Tepat di tanggal 10 Agustus 1977, Bursa Efek kembali diresmikan oleh Presiden Soeharto dan ditandai dengan go public PT Semen Cibinong sebagai emiten pertama. BEJ sendiri pada saat itu telah dijalankan dibawah Badan Pelaksana Pasar Modal (BAPEPAM). Meski saat itu, pasar modal tidak mednapatkan respon positif karena undang-undang yang berlaku pada saat itu banyak membatasi ruang gerak suatu perusahaan.

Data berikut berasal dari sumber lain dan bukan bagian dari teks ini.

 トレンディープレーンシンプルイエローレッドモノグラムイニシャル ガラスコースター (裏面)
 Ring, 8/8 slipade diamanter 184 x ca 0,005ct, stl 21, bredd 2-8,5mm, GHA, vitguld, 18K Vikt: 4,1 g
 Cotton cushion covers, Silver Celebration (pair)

Pada tahun 1977 hingga 1987, perdagangan di Bursa Efek Jakarta (BEJ) sangat lesu hingga Jumlah emiten yang tercatat selama 10 tahun tersebut baru mencapai 24 emiten. Selama periode tersebut, masyarakat lebih memilih instrumen perbankan.

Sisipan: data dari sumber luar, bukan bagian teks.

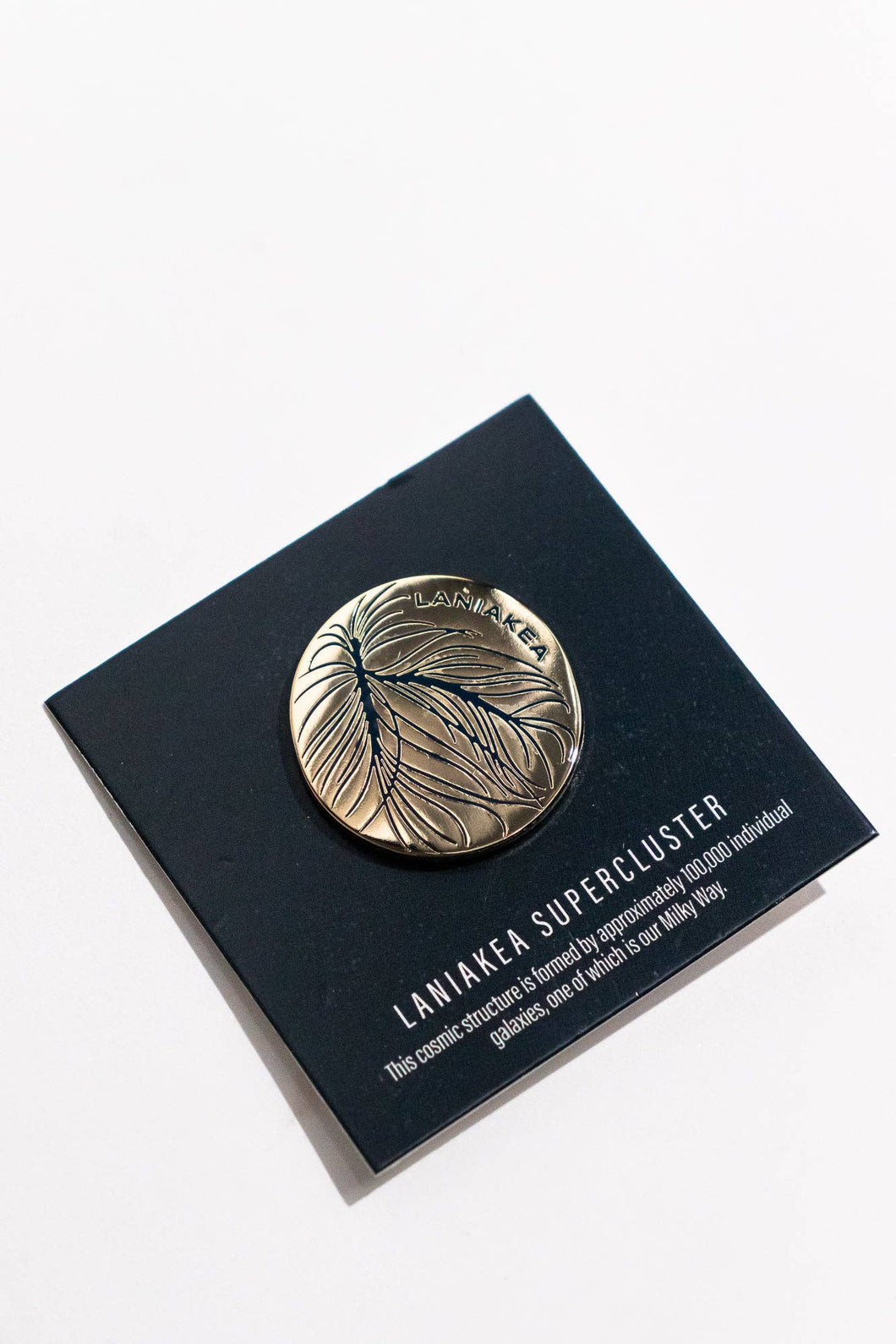 One gold Laniakea Supercluster Pin with two gold butterfly clasps. Diameter: 1.25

Dengan adanya tanggapan seperti itu, pada tahun 1987 pemerintah Indonesia melakukan deregulasi terkait peraturan undang-undang pasar modal yang mempermudah Emiten dan juga investor. Demi pertumbuhan pasar modal Indonesia yang semakin baik, Pemerintah RI memutuskan untuk membuka peluang bagi investor asing untuk berinvestasi di Indonesia dengan batas kepemilikan saham maksimum 49%.
Di tahun 1987, pertumbuhan pasar modal juga ditandai dengan hadirnya Paket Desember 1987 (PAKDES 87) yang memberikan kemudahan bagi perusahaan untuk melakukan Penawaran Umum dan investor asing menanamkan modal di Indonesia. Selanjutnya, di tahun 1988 hingga 1990, paket deregulasi dibidang Perbankan dan Pasar Modal diluncurkan. Dimana, saat itu pintu BEJ terbuka untuk investor asing.
Ditahun tersebut, operasional BEJ dilakukan oleh Perserikatan Perdagangan Uang dan Efek (PPUE) dengan anggota bank negara, bank swasta, hingga Pialang efek. Pemerintah RI pada akhirnya mengeluarkan Undang-Undang No. 15 Tahun 1952 sebagai Undang-Undang Darurat yang ditetapkan sebagai Undang-Undang Bursa di tanggal 26 September 1952.